The menu was designed to involve the least possible amount of stove/oven related heat as possible. My kitchen fan has been working overtime. There would be caprese (because…see poem above re: tomatoes), pasta salad (because this is a pro-pasta salad household), and flounder (because white fish = summer). Then strawberry shortcake.
I awoke in the morning with many errands to run. First stop, Di Palo’s on Grand. Two balls of fresh mozzarella and six marinated artichokes.
It was 10:00am. The mozzarella wasn’t ready yet. Come back in 45 minutes and I’ll serve you right away. Off to the grocery store for grocery store things—pasta, pine nuts, whipping cream, salted butter and flour.
Then I carried those heavy bags back to Grand Street, got my mozzarella and my artichokes. Decided an Uber had to be called and sat there with a watering mouth on the way home. There was fresh, warm mozzarella in my bag.

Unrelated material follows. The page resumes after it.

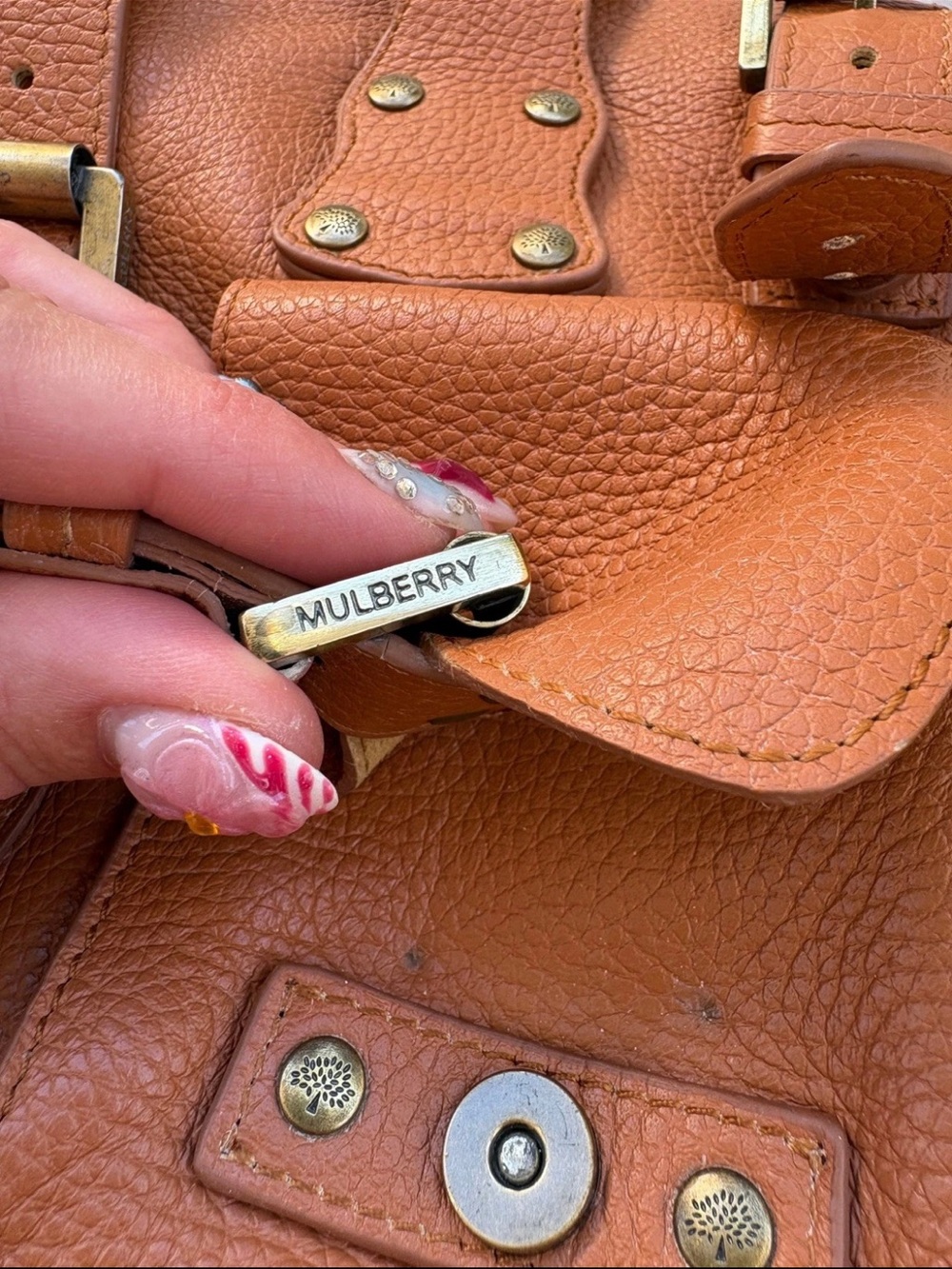 Mulberry Orange-Tan Pebbled Leather Satchel with Buckle Pockets - Picture 16 of 16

I nestled the first load into my fridge and set off for the farmer’s market. Tomatoes, basil, lemons, flowers. Strawberries!!!! The flounder!!!!!
Everything was going according to plan. I pride myself on my ability to prep a meal in advance and to clean while I’m going. I was hitting my stride. The pine nuts were toasted, artichokes chopped, parmesan shaved, basil julienned. A dressing—garlic, mustard, lemon zest and juice, champagne vinegar, olive oil, salt, pep—was made with care, and waiting in the fridge while the pasta cooled.
I started prep on my sweet biscuit dough for the shortcakes. My stepmom’s recipe, that I just can’t figure out how to make as well as she does. I whipped the cream with sugar and vanilla.
The pasta was cool. I needed to shower, but I’d mix it all together first. In the process of removing all the precious pieces out of the fridge, in a moment of pure horror, I stood and watched as the little metal bowl, full of my carefully prepared (garlic-y, oily, mustardy) dressing, uncovered and precariously balanced on top of a carton of eggs, tipped and toppled, spilling all over the inside of the fridge, blanketing the jar of cornichons and the mint jelly and the tomato paste & one IPA in the main door pocket. The bowl clattered to the floor, splattering dressing quite literally all over the walls. I stood, mouth agape, considering. My phone was dead, so the first thing I did was go plug that in. Then I spent an hour cleaning.
The absurdity and the avoidability, the sorrow over losing such delicious dressing, so perfectly proportioned. The show had to and did go on. I was worried my second batch of dressing was too garlicky. My friends love garlic. Everything was perfect.
The pasta was fusilli bucati with the aforementioned ingredients, along with several hearty handfuls of arugula. I let it sit in the fridge marinating for around 4 hours.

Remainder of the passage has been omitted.